Survey results show a majority of school districts failed to follow through on written internet policies with effective monitoring of students’ online activities.
On Thursday, the Mississippi Office of the State Auditor (OSA) released a follow-up cybersecurity report regarding students’ ability to access potentially harmful and explicit materials online.
OSA surveyed school districts throughout the state to determine if they implemented recommendations from a 2017 cybersecurity report also conducted by the Office of the State Auditor.
“With this latest report, issued today, OSA’s Government Accountability Division is following up on the 2017 recommendations to ensure corrective action has been taken,” the 2022 cyber security report states.
Survey results from the 2022 cybersecurity report show that the majority of school districts failed to follow through on their written internet policies with effective monitoring of students’ online activities. With an increase in funding allowing for more technology at the student’s hands, the issue will continue to worsen.

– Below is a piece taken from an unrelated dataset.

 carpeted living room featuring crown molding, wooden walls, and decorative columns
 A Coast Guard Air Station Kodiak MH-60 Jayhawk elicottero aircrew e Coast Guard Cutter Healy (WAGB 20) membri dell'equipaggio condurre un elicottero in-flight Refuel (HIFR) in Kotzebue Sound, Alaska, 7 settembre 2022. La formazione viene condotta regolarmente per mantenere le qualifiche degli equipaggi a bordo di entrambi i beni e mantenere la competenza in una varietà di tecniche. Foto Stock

“The bottom line from this report is that many school districts comply with the minimum legal standards, but those minimum standards are not enough to guarantee student safety. We still see students able to access pornography, discuss illegal activity, and plan self-harm using state-issued devices,” said Auditor Shad White.

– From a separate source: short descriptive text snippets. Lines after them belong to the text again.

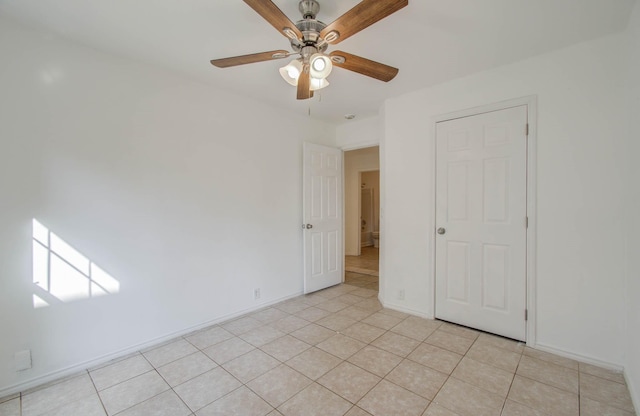 empty room featuring ceiling fan and light tile patterned floors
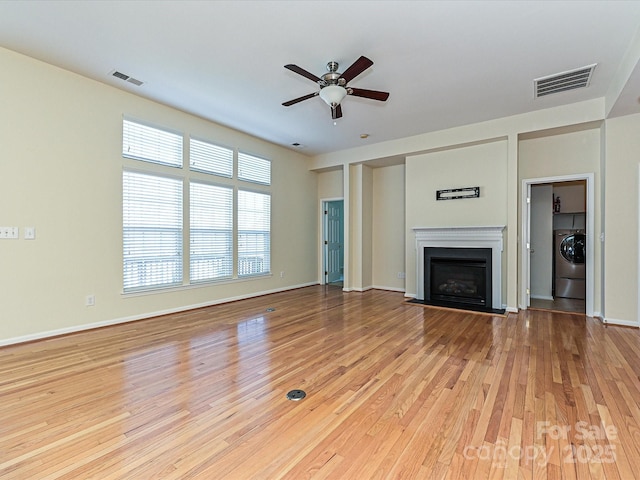 unfurnished living room with visible vents, a fireplace with flush hearth, washer / dryer, and wood finished floors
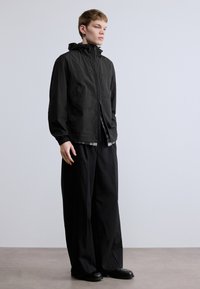 Must kerge jope kapuutsiga, lukuga ja elastsete varrukaservadega, koos lahtiste mustade pükste ja mustade jalanõudega.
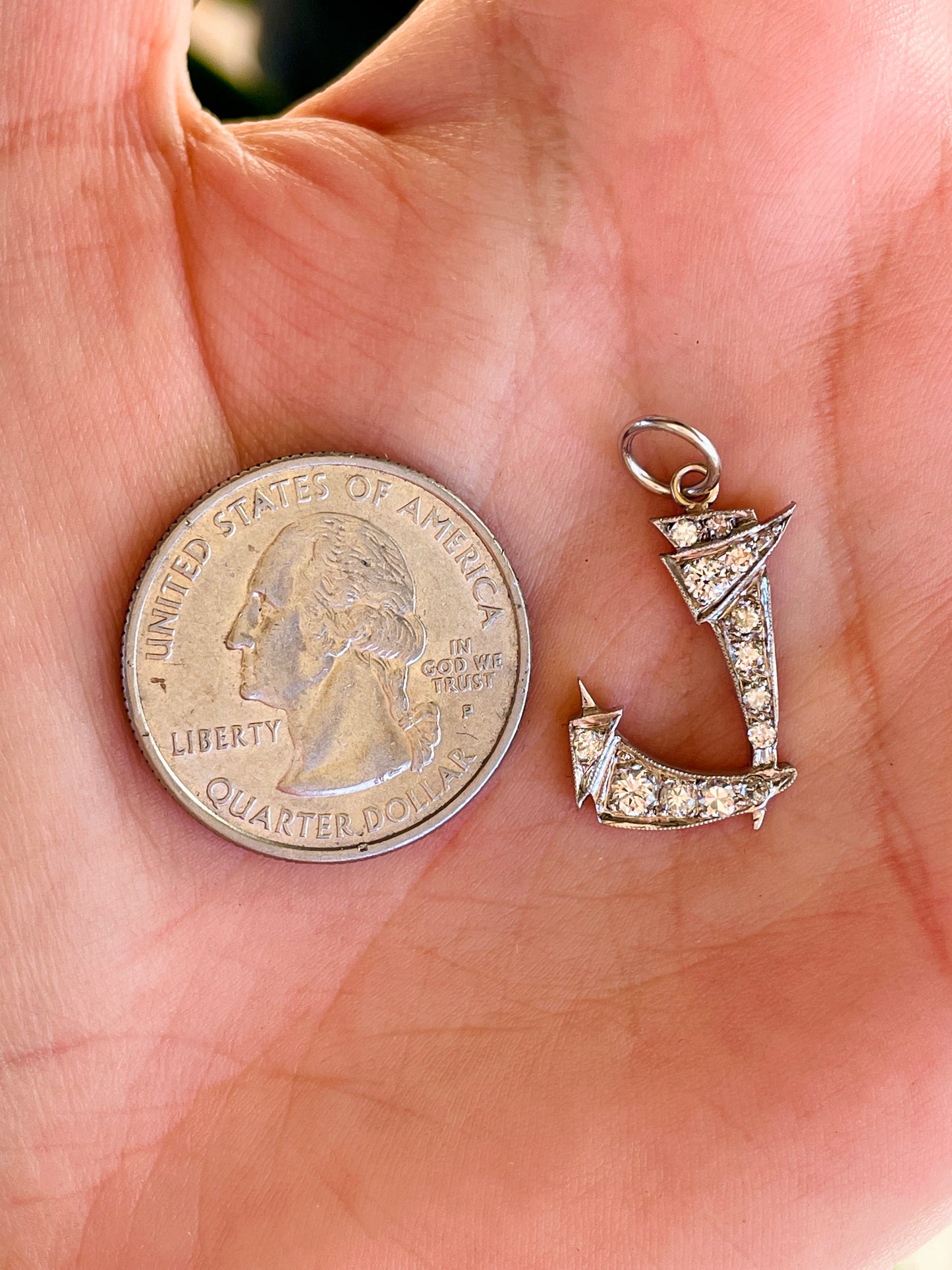 Vintage white 14K letter J charm with approx .75 ctw diamonds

2017 OSA Cybersecurity Report
In 2017, a review of school districts conducted by the OSA found an alarming number of students accessing pornography and other explicit material. OSA conducted the review of school districts’ compliance with the Children’s Internet Protection Act (CIPA) also known as the “Cybersecurity Audit” for the 2016-2017 school year.
OSA created testing procedures to ensure effective polices of the school districts were formulated properly and that these policies were in compliance with CIPA and the Family Educational Rights and Privacy Act (FERPA).

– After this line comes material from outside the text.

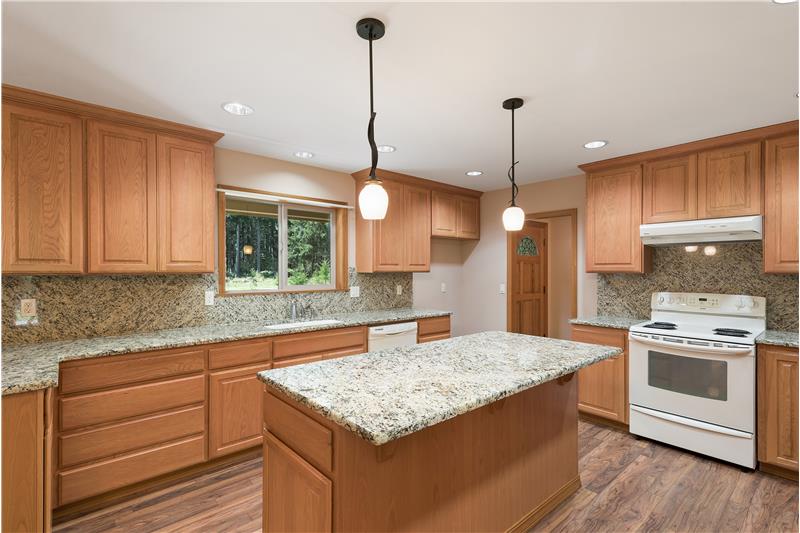 This spacious kitchen features granite countertops with lots of space for food prep and entertaining.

Of schools that participated in the One-to- One Initiative, OSA tested eighteen (18) schools within nine (9) school districts to ensure security controls of online activities were effective. During this process, 150 random devices were analyzed. Of the 150 devices tested, 30 (20%) of the devices showed evidence that students were able to access explicit material on school issued devices; evidence also indicated that the district’s filtering systems were ineffective when filtering inappropriate material.
OSA further measured the districts’ compliance of having an Internet Safety Policy which included TPMs that monitored the online activities of minors. It was determined that all nine (9) reviewed districts had a variety of written Internet Safety Policies and TPMs that block and filter devices issued to students; however, the audit discovered that there was inappropriate material found on student’s devices and that districts do not appear to be completely adhering to their own policies.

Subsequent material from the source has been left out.